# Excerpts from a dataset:
....................
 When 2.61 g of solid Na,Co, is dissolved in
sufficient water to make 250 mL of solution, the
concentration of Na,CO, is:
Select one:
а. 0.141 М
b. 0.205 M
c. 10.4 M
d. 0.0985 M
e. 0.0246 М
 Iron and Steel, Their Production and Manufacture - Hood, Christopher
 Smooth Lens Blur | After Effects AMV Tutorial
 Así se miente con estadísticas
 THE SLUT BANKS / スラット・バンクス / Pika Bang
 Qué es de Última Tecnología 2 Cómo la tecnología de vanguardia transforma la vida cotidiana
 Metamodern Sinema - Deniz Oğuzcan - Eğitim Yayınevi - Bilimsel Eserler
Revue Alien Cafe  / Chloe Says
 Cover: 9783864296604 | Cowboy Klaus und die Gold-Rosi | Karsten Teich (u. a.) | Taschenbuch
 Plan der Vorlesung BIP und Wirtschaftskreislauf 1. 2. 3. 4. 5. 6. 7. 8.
....................
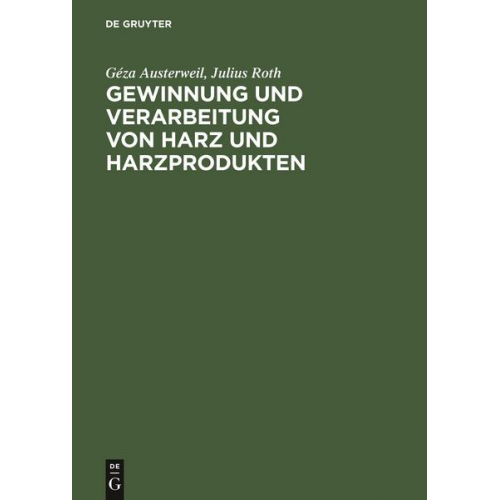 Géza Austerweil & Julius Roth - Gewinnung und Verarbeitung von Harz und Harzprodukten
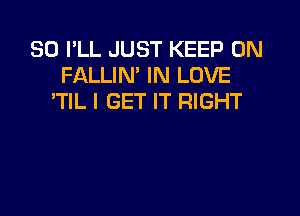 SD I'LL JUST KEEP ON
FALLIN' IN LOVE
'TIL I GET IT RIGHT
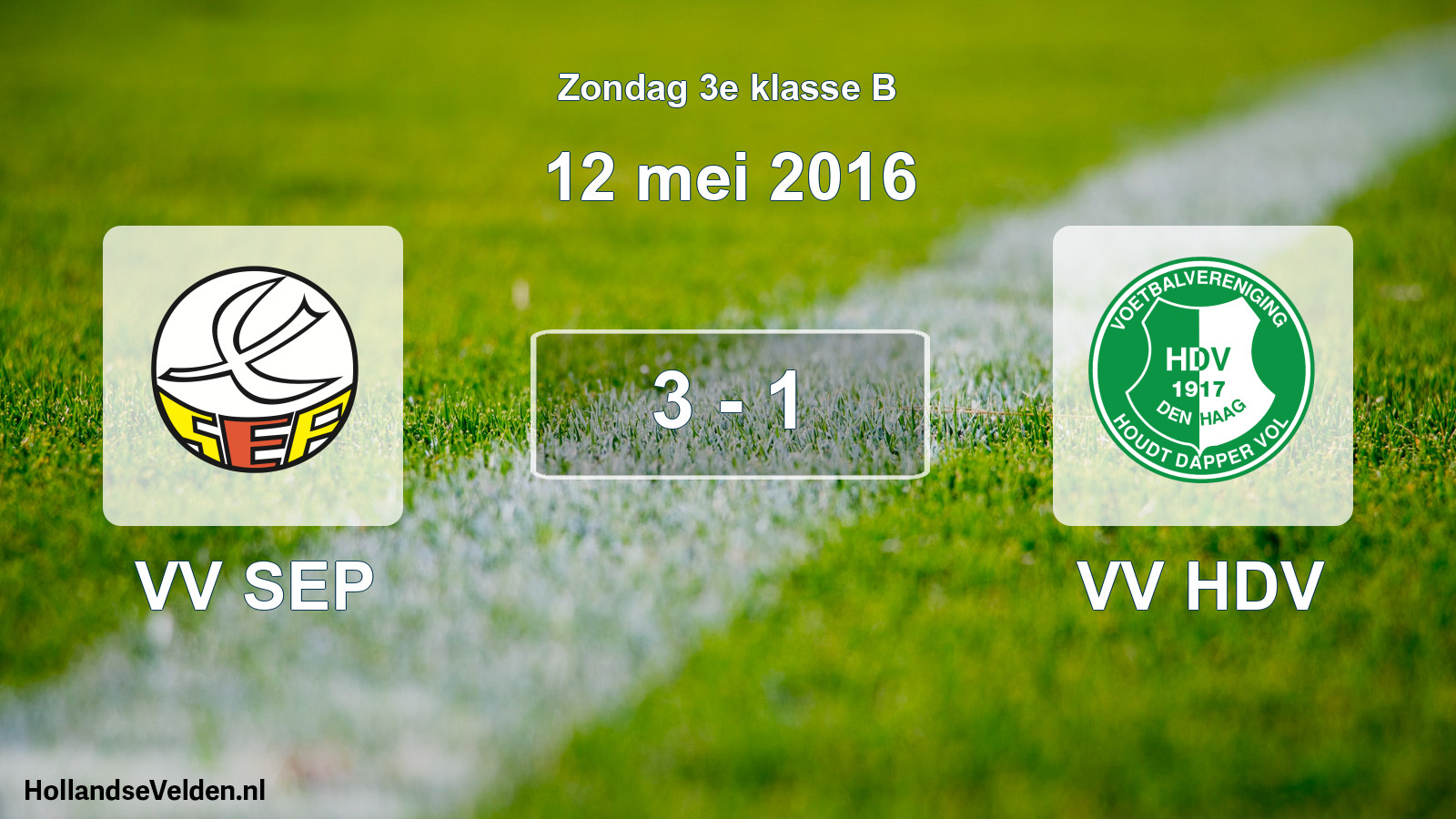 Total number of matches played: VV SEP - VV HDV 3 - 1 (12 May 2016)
....................
# WHAT YOU ARE ASKED TO DO:
An exact copy of the lines above, from the one containing "Cover: 9783864296604 |" down to the one containing "Plan der Vorlesung" and including both, is the whole answer; retype it and nothing else.

# OUTPUT:
 Cover: 9783864296604 | Cowboy Klaus und die Gold-Rosi | Karsten Teich (u. a.) | Taschenbuch
 Plan der Vorlesung BIP und Wirtschaftskreislauf 1. 2. 3. 4. 5. 6. 7. 8.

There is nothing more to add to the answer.